サービス・ギャップ

日本でもらったWINDOWS MEのノートパソコンを、北京でADSLにつなげようと思ったがつながらない。たらいまわしを覚悟して、半ば絶望的に中国のNTTにあたる電話会社、中国網通(チャイナネットコム)に電話したところ、案内係のお姉さんは懇切丁寧だった。
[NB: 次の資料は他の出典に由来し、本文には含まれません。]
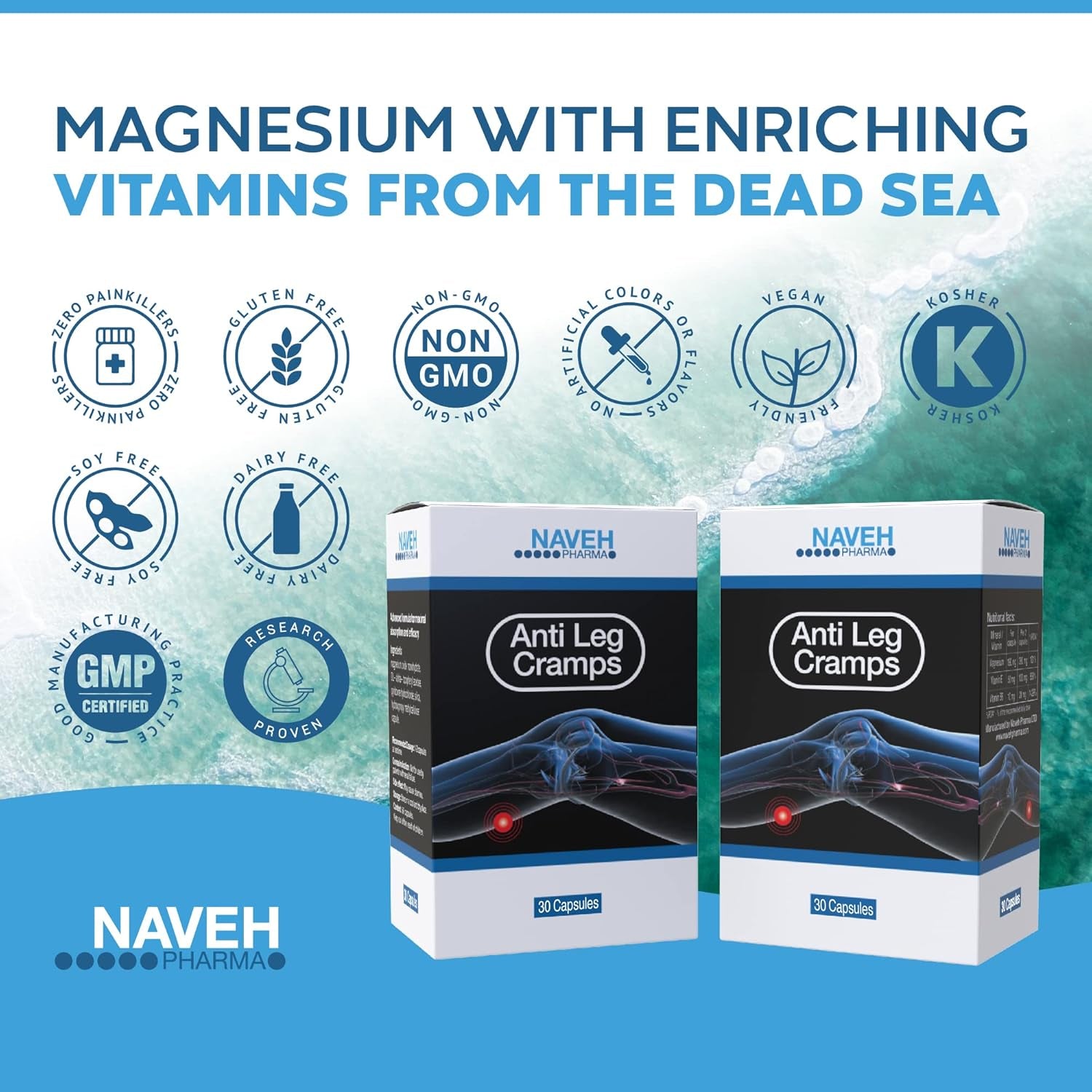 MAGNOX anti Leg Cramps Magnesium Supplement for Muscle Pain Relief, 190Mg, Nocturnal Leg Cramps, Pregnancy Cramps, Calf Cramps, Cramps in Feet, Charley Horse, Proven Remedy (30 Caps)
しかし、日本で英語やカタカナ名のついた各部名称、OSとかネットワークカードはこちらでは漢字を使った意訳の中国語名となる。これを電話口で、中国語で言われてもさっぱりよくわからない。たとえば、「お客様のシートンは何ですか?」「シートン…?」「ピングオですか?」「林檎(ピングオ)…。ああ、系統(シートン)ね。OSはアップルではなくて」「OS?アップル?」とか、「お客様のマオのドンはいくつですか?」「マオって動物の猫(マオ)?」「いいえ、ですから、マオです。ドンがありますよね?」「ドン…ドンって灯(ドン)?光ってるやつ?」「そうです!」とか、「お客様のワンカーに問題があるのではないでしょうか」「カー…、カーというのはカードですね。ワン…ああ、網カー、ネットワークカードですか?」「ネット???」という具合。
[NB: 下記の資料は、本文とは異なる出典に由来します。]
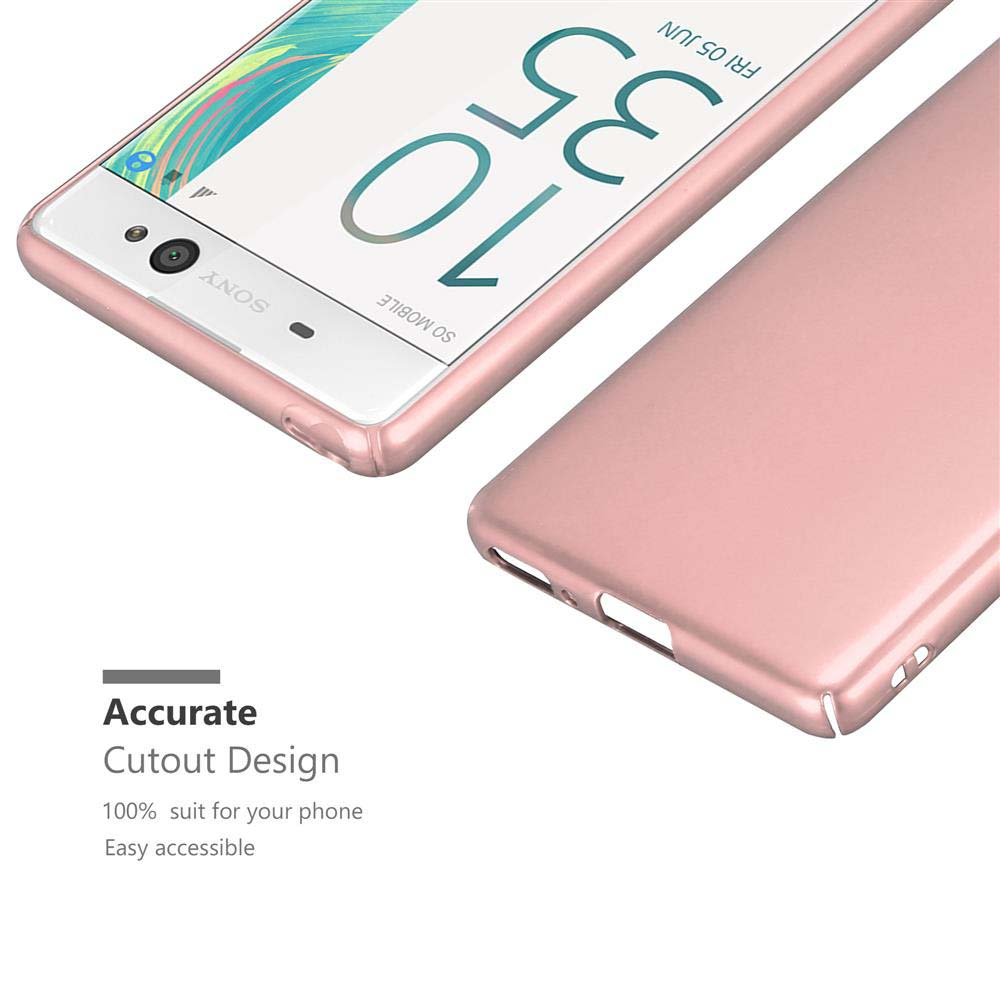 Teléfono color oro rosa con funda. Pantalla muestra hora 10:35. Texto: Accurate Cutout Design.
お互い拉致があかないので、英語の案内サービスに電話を回してもらい、名称部分だけ英語で説明してもらったところ、要するに私の手元にあったモデム付属のCD-ROMでは、ドライバをインストールができないことがわかった。案内のお姉さんは「あとで、係りの者がお持ちします」という。礼を言って電話を切り、どうせすぐには来ないだろうし、2、3日待って連絡がなければまた連絡してみようと、朝風呂に入る準備をしていると、再び電話がなった。
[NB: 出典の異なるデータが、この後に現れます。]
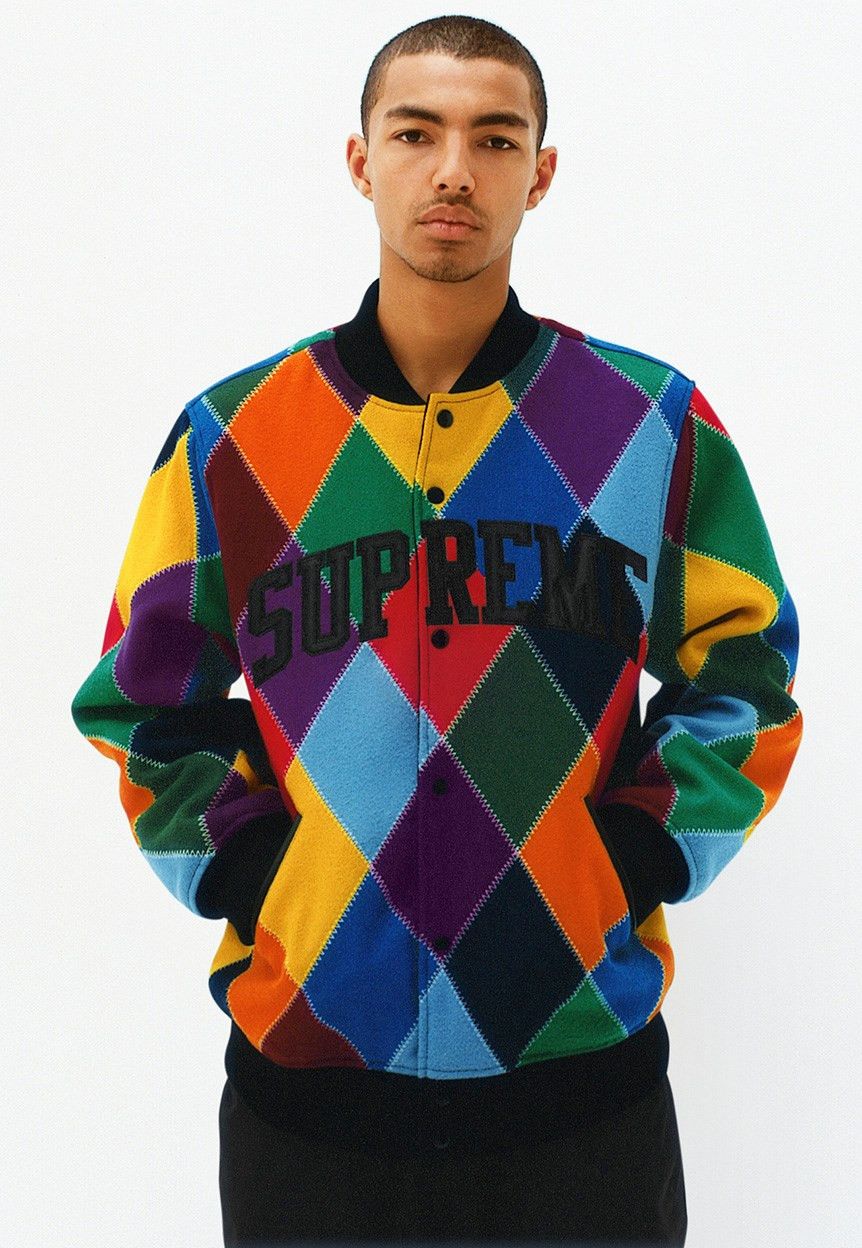 Supreme Supreme 15FW Harlequin Wool Varsity Jacket Multi Size US XL / EU 56 / 4 - 12 Thumbnail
電話局の係りのお兄さんからで、「この後、うかがってもいいですか」という。「いいですよ」と言ったものの、やはりいつくるかはわからない。夕方ごろにでも来るのかなあと思ってシャワーをあびていたら、20分後にピンポンとドアベルがなった。


すばらしく迅速な対応なのである。急いで服を着て、お兄さんを招きいれると、さわやかな20代後半くらいの彼は、さくさくとインストールまでやってくれる。それで万事解決か、と思ったところ、お兄さんがフリーズした。どうやら私のパソコン内の何かと、インストールソフトがコンフリクトを起こして、インストールが進まない。


お兄さんは神妙な顔で、何度も同じボタンを押すのだが、それ以上のことはできなそうだった。しかたないので、「パソコンメーカーにでも聞いてみるとよ」と告げると、「すみませんね!」と笑顔になった彼は、さっさと引き上げて行った。


サービスはすばらしく完璧だったが、結局、振り出しにもどってしまった。なお、前述の「マオ」というのは「猫(マオ)」ではなく、モデムのことだそうで、「MAO」と表記するのだという。なるほど、さっぱり漢字が思いつかなかったわけである。